[Brief descriptive captions]
<<<<

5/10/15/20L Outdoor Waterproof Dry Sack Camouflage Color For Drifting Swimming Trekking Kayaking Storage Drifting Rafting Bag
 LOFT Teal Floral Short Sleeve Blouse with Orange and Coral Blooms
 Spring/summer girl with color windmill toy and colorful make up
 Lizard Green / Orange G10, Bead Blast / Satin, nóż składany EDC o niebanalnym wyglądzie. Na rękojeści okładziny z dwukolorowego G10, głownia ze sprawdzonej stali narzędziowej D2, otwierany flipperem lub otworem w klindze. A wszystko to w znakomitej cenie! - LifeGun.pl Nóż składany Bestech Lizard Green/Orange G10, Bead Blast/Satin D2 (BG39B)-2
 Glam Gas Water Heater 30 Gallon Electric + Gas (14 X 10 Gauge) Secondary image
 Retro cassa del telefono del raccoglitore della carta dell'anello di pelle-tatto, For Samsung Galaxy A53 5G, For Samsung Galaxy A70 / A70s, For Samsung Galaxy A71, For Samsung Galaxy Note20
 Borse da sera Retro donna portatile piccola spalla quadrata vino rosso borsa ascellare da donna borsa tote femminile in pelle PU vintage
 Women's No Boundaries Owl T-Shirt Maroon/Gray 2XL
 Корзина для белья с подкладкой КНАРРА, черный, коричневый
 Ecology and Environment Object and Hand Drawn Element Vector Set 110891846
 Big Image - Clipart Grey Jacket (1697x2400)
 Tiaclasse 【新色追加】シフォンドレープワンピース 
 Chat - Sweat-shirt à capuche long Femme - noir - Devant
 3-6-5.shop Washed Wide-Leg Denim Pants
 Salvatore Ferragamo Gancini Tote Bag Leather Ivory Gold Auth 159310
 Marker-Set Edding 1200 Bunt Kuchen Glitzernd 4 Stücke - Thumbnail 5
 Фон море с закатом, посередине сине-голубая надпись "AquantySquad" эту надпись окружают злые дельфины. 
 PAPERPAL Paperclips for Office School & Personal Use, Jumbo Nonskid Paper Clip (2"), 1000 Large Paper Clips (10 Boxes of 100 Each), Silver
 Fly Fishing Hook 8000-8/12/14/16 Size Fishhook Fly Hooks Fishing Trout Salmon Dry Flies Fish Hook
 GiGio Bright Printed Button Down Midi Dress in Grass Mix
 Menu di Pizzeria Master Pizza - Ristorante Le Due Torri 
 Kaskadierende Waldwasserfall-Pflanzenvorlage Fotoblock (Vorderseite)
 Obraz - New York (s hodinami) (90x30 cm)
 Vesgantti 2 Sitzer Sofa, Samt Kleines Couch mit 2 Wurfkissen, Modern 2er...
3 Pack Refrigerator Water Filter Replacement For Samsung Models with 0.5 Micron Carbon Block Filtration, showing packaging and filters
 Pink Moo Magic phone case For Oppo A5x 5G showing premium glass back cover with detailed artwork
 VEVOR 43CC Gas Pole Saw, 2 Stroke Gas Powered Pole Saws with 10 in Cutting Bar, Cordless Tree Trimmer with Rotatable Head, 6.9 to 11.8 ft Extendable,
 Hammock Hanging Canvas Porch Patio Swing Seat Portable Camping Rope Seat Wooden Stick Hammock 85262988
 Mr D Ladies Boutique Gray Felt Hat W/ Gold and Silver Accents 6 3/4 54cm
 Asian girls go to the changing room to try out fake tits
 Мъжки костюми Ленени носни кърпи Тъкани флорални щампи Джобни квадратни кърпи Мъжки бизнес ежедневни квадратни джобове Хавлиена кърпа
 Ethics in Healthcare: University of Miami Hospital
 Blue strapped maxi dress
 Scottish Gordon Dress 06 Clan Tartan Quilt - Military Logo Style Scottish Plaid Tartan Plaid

>>>>

Print out all the entries above exactly.

5/10/15/20L Outdoor Waterproof Dry Sack Camouflage Color For Drifting Swimming Trekking Kayaking Storage Drifting Rafting Bag
 LOFT Teal Floral Short Sleeve Blouse with Orange and Coral Blooms
 Spring/summer girl with color windmill toy and colorful make up
 Lizard Green / Orange G10, Bead Blast / Satin, nóż składany EDC o niebanalnym wyglądzie. Na rękojeści okładziny z dwukolorowego G10, głownia ze sprawdzonej stali narzędziowej D2, otwierany flipperem lub otworem w klindze. A wszystko to w znakomitej cenie! - LifeGun.pl Nóż składany Bestech Lizard Green/Orange G10, Bead Blast/Satin D2 (BG39B)-2
 Glam Gas Water Heater 30 Gallon Electric + Gas (14 X 10 Gauge) Secondary image
 Retro cassa del telefono del raccoglitore della carta dell'anello di pelle-tatto, For Samsung Galaxy A53 5G, For Samsung Galaxy A70 / A70s, For Samsung Galaxy A71, For Samsung Galaxy Note20
 Borse da sera Retro donna portatile piccola spalla quadrata vino rosso borsa ascellare da donna borsa tote femminile in pelle PU vintage
 Women's No Boundaries Owl T-Shirt Maroon/Gray 2XL
 Корзина для белья с подкладкой КНАРРА, черный, коричневый
 Ecology and Environment Object and Hand Drawn Element Vector Set 110891846
 Big Image - Clipart Grey Jacket (1697x2400)
 Tiaclasse 【新色追加】シフォンドレープワンピース 
 Chat - Sweat-shirt à capuche long Femme - noir - Devant
 3-6-5.shop Washed Wide-Leg Denim Pants
 Salvatore Ferragamo Gancini Tote Bag Leather Ivory Gold Auth 159310
 Marker-Set Edding 1200 Bunt Kuchen Glitzernd 4 Stücke - Thumbnail 5
 Фон море с закатом, посередине сине-голубая надпись "AquantySquad" эту надпись окружают злые дельфины. 
 PAPERPAL Paperclips for Office School & Personal Use, Jumbo Nonskid Paper Clip (2"), 1000 Large Paper Clips (10 Boxes of 100 Each), Silver
 Fly Fishing Hook 8000-8/12/14/16 Size Fishhook Fly Hooks Fishing Trout Salmon Dry Flies Fish Hook
 GiGio Bright Printed Button Down Midi Dress in Grass Mix
 Menu di Pizzeria Master Pizza - Ristorante Le Due Torri 
 Kaskadierende Waldwasserfall-Pflanzenvorlage Fotoblock (Vorderseite)
 Obraz - New York (s hodinami) (90x30 cm)
 Vesgantti 2 Sitzer Sofa, Samt Kleines Couch mit 2 Wurfkissen, Modern 2er...
3 Pack Refrigerator Water Filter Replacement For Samsung Models with 0.5 Micron Carbon Block Filtration, showing packaging and filters
 Pink Moo Magic phone case For Oppo A5x 5G showing premium glass back cover with detailed artwork
 VEVOR 43CC Gas Pole Saw, 2 Stroke Gas Powered Pole Saws with 10 in Cutting Bar, Cordless Tree Trimmer with Rotatable Head, 6.9 to 11.8 ft Extendable,
 Hammock Hanging Canvas Porch Patio Swing Seat Portable Camping Rope Seat Wooden Stick Hammock 85262988
 Mr D Ladies Boutique Gray Felt Hat W/ Gold and Silver Accents 6 3/4 54cm
 Asian girls go to the changing room to try out fake tits
 Мъжки костюми Ленени носни кърпи Тъкани флорални щампи Джобни квадратни кърпи Мъжки бизнес ежедневни квадратни джобове Хавлиена кърпа
 Ethics in Healthcare: University of Miami Hospital
 Blue strapped maxi dress
 Scottish Gordon Dress 06 Clan Tartan Quilt - Military Logo Style Scottish Plaid Tartan Plaid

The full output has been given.